Version 3

    This document describes a overall architecture and key features that are considered for jBPM5.  Feedback on anything in this document (or anything that you believe should be in this document but is not) is welcome and highly appreciated.  Let us know what you care about and find most important so we can use that to assign priorities.  It will be used as the basis for creating the jBPM5 roadmap, so now is the time to give your feedback.


    jBPM5 will be based on the combined experience of jBPM and Drools Flow.  This consolidation will bring together the benefits of both solutions.


    DISCLAIMER: This document does not yet describe the jBPM5 roadmap.  Based on the feedback, features may still be added and/or removed.



    The following figure depicts the (planned) architecture of jBPM5.  Each of the components will be explained in more detail below, and key characteristics will be described. (Click on the picture for a larger image)



    Figure 1:  jBPM5 architecture




    Core process engine

    A core process (or workflow) engine capable of executing your processes.  The engine will have a strong focus on BPMN2 (as the underlying XML format for storing the process definition).  BPMN2 not only defines a standard on how to graphically represent a business process (like BPMN 1.1), but now also includes execution semantics for the elements defined, and an XML format on how to store (and share) process definitions.  This standardized format will be used as the main process language from now on.  We will attempt to provide a (semi-automatic, user-assisted) migration path from jPDL (3.x) to BPMN2.
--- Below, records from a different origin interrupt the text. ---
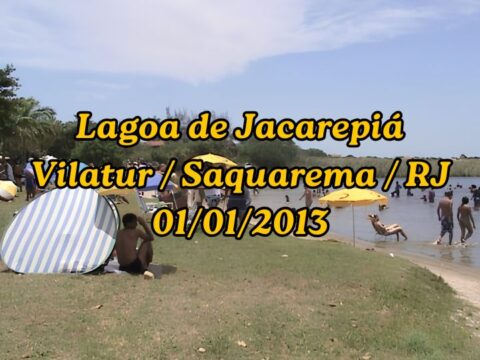Pessoas reunidas na orla da Lagoa de Jacarepiá em Vilatur, Saquarema, aproveitando um dia ensolarado com guarda-sóis e banho de lagoa em 01/01/2013.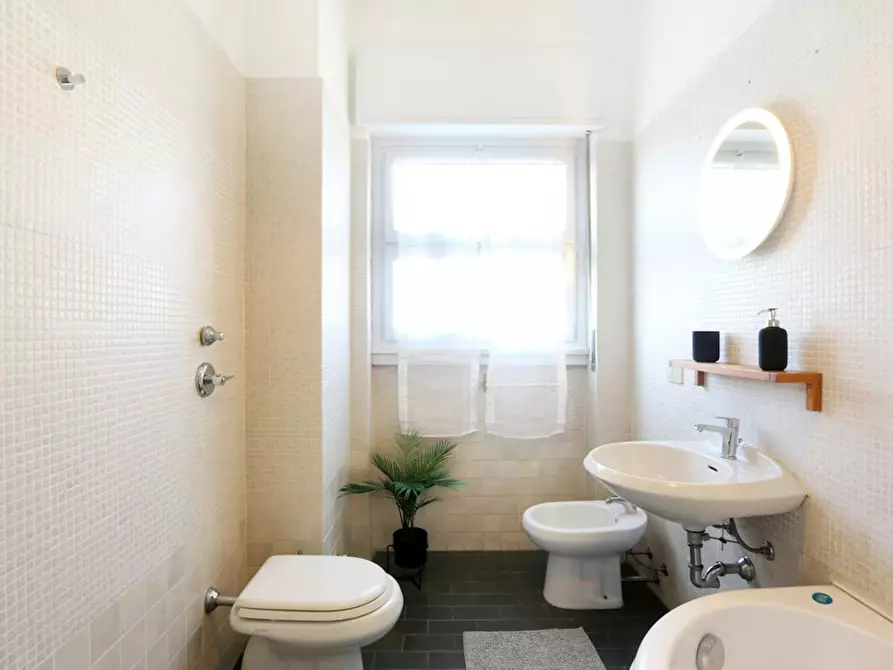 Immagine 6 di Camera in affitto  in Viale Tibaldi a Milano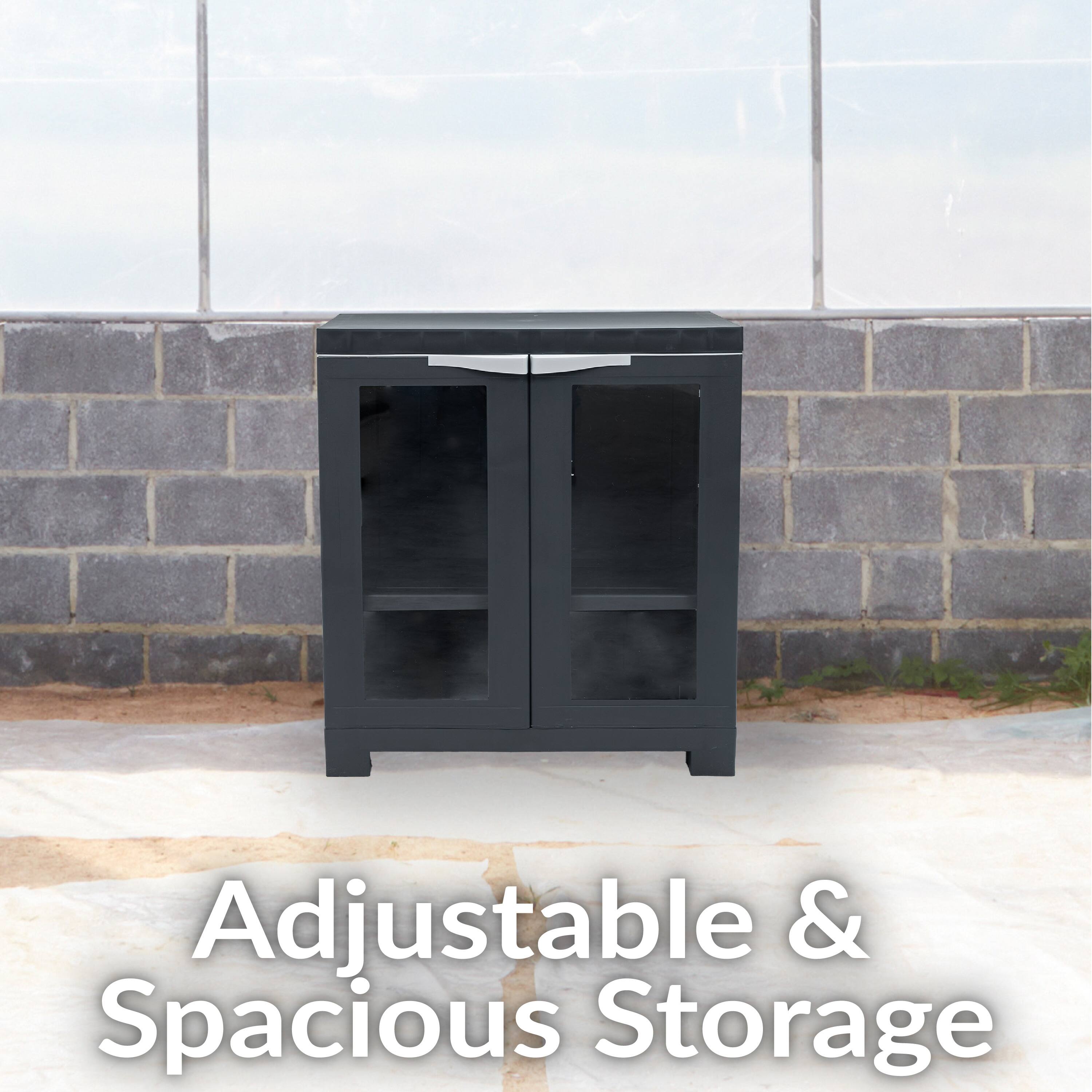 Adjustable & Spacious Storage
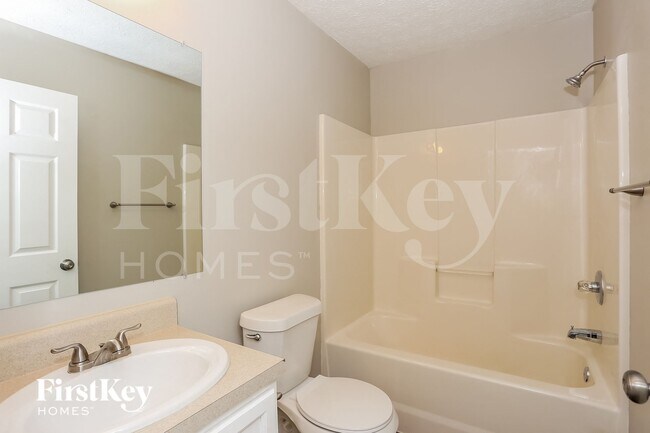 Building Photo - 1241 Clock St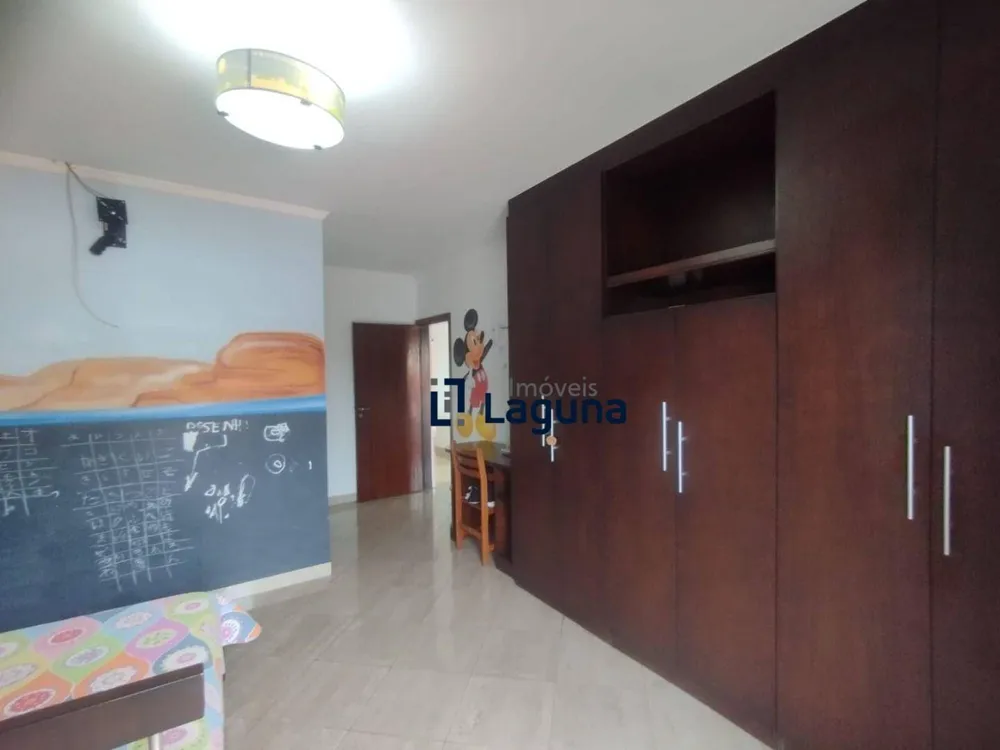 Sobrado, 5 quartos, 338 m² - Foto 6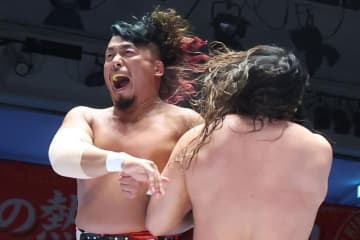 【新日本・ＷＴＬ】辻陽太＆ゲイブ・キッドは黒星発進　「強い２人を並べても勝てるもんじゃない」
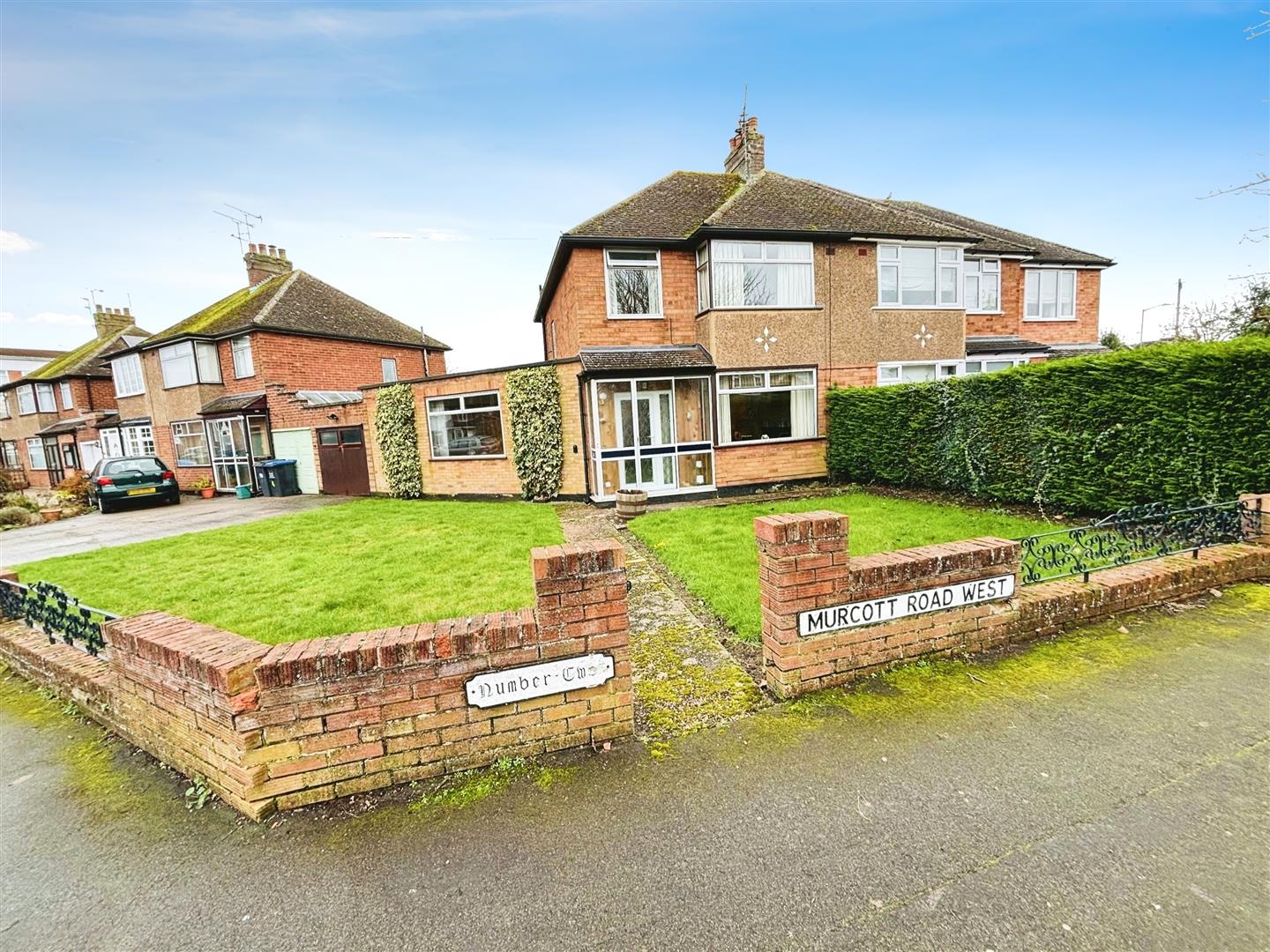 Murcott Road West, Whitnash, Leamington Spa Hawkesford Alderney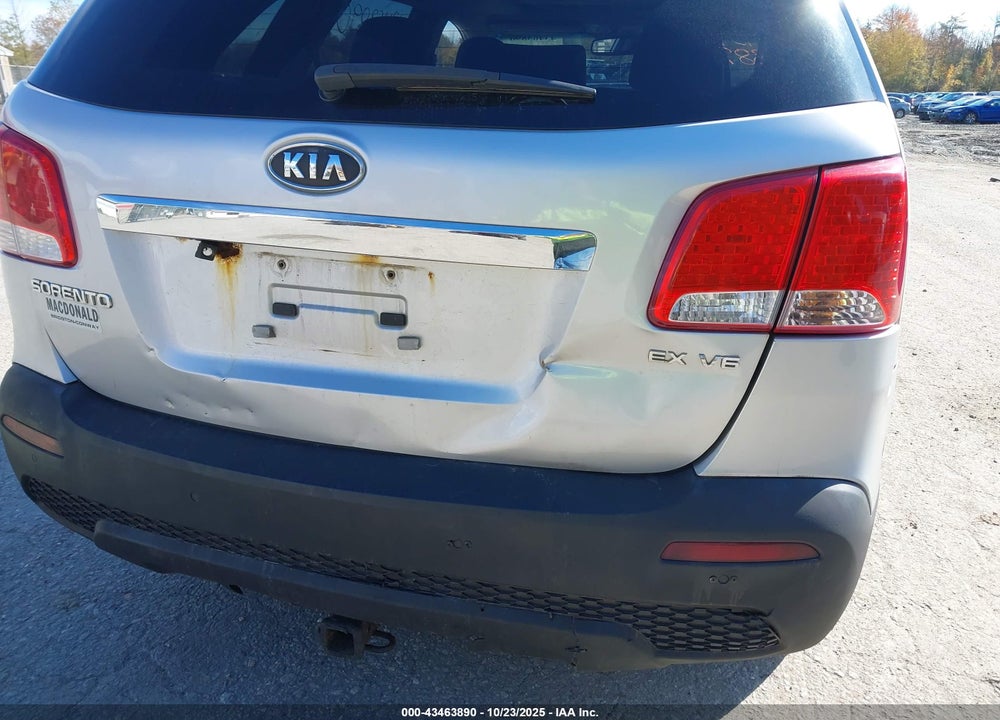 2011 KIA SORENTO EX V6 VIN: 5XYKUDA20BG034702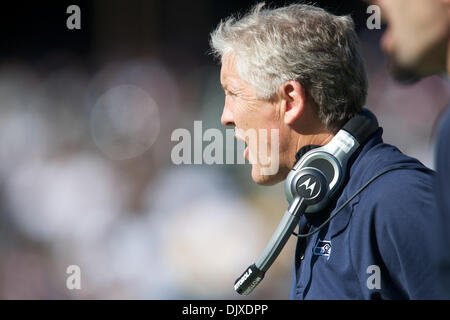 31. Oktober 2010 Kopf - Oakland, California, Vereinigte Staaten von Amerika - Seattle Seahawks Coach Pete Carroll während der NFL-Spiel zwischen den Oakland Raiders und die Seattle Seahawks im Oakland-Alameda County Coliseum.  Die Raiders geleitet die Seahawks 33-3. (Kredit-Bild: © Matt Cohen/Southcreek Global/ZUMApress.com) Stockfoto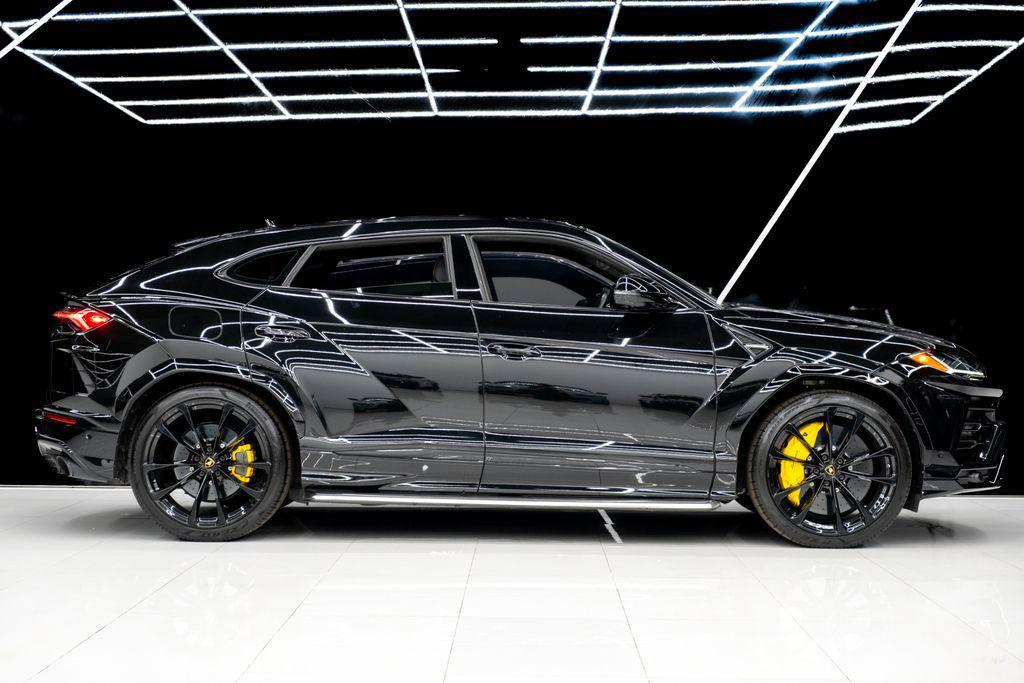 used 2022 Lamborghini Urus car, priced at $179,980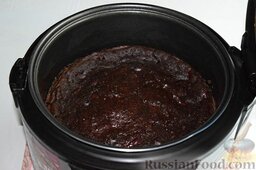 Шоколадно-вишнёвый пирог на кефире: После сигнала об окончании программы, дадим пирогу остыть в мультиварке при открытой крышке.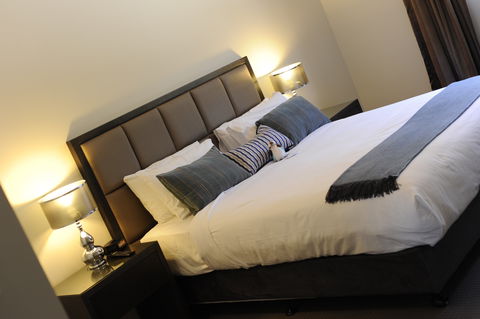 Riverside Oaks Golf Resort - Surfers Gold Coast 0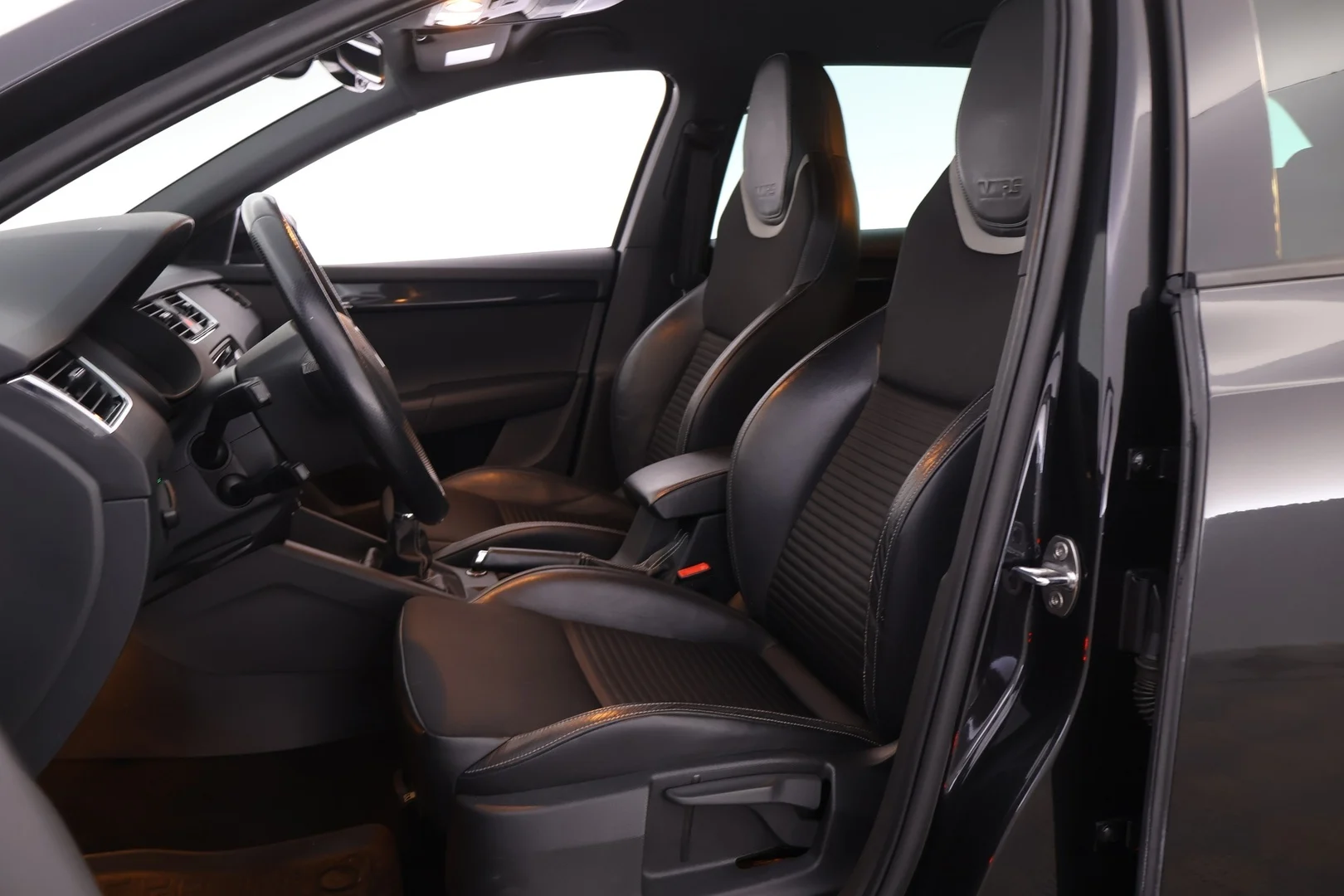 Car Image - 6DLW9VbWgCJzghilpQlvqi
    Provides an API for starting or signaling process instances, managing your process instances, etc.  Can be configured and integrated into different contexts.

    Key characteristics:

    • clear API

    • native BPMN2 execution

    • embeddability (from running as a simple Java POJO component inside your application to running as an independent service)

    • based on a Process Virtual Machine (PVM), allowing the definition of multiple process languages on the same process engine

    • other non-functional requirements like persistence (JPA), transactions (JTA, others), performance, etc.

    • clustering

    • event listeners, auditing, history logging

    • process instance migration allows you to upgrade already running process instances to a newer version of the process definition


    As an intermediate milestone, we will first try to support the common executable subclass of the BPMN2 specification (which is a subset of all the elements defined in the specification on executable processes, supporting only the most common node types) before supporting the entire BPMN2 specification.



    Human tasks

    Human tasks are important whenever tasks need to be executed with the interaction of human actors. This can be split into multiple parts:

    • Human Task Service: The back-end service for managing the life cycle of tasks.  The process engine itself is not tied to one specific implementation but allows implementations to be plugged in. By default, an independent implementation based on the WS-HT specification will be provided. This specification describes things like the life cycle (assign, claim, complete, release, etc.) but also includes features like group assignment, escalation, assignment rules, etc.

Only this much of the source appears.